▸ **DATA**:
--- START ---
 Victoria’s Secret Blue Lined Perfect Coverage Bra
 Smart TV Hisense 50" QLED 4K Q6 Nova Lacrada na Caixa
--- END ---
--- START ---
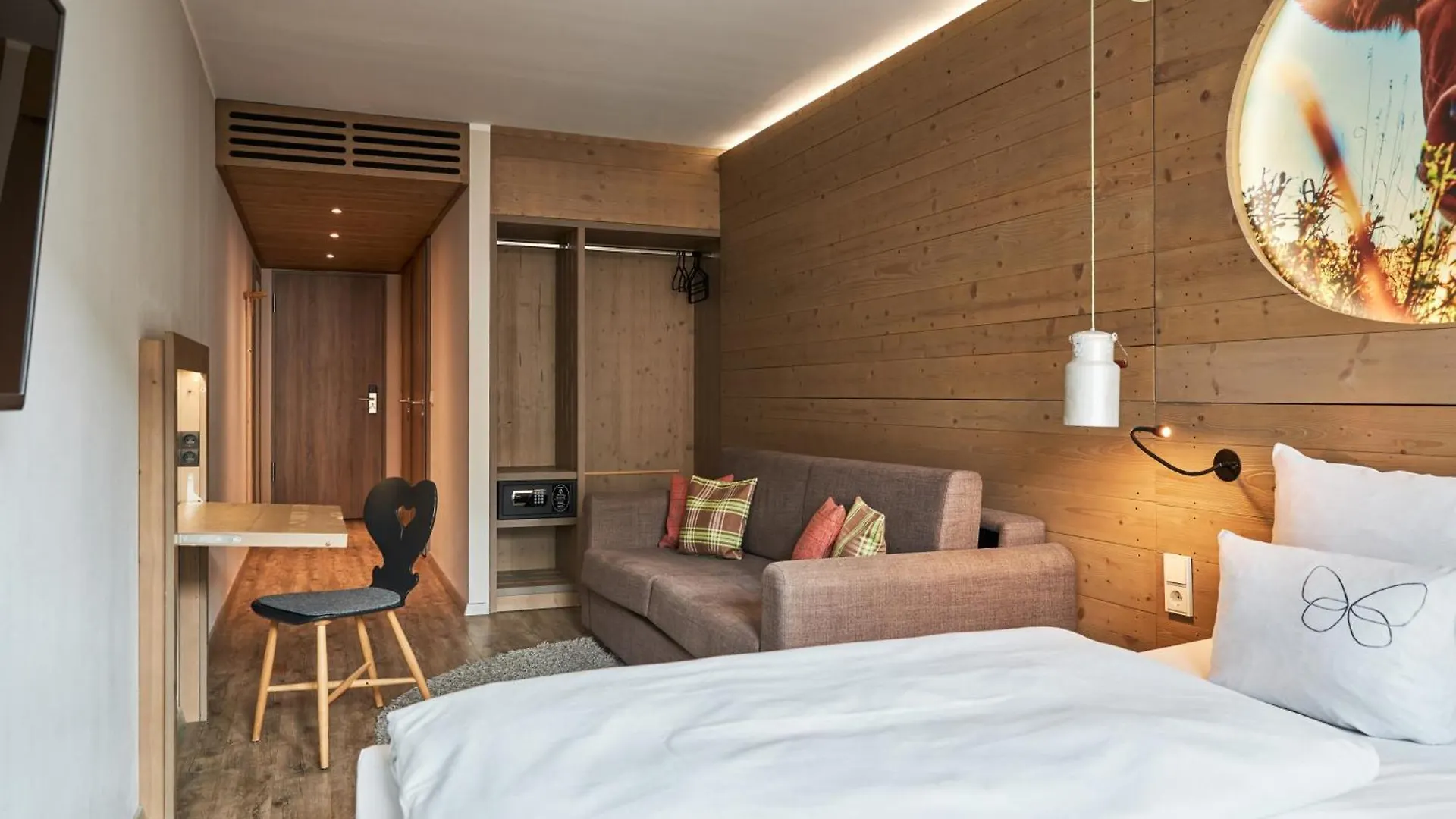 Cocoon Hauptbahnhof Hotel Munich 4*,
--- END ---
In the data above, start at the line that has "Victoria’s Secret Blue", stop after the line that has "Smart TV Hisense", and print every line in between exactly as it stands.

 Victoria’s Secret Blue Lined Perfect Coverage Bra
 Smart TV Hisense 50" QLED 4K Q6 Nova Lacrada na Caixa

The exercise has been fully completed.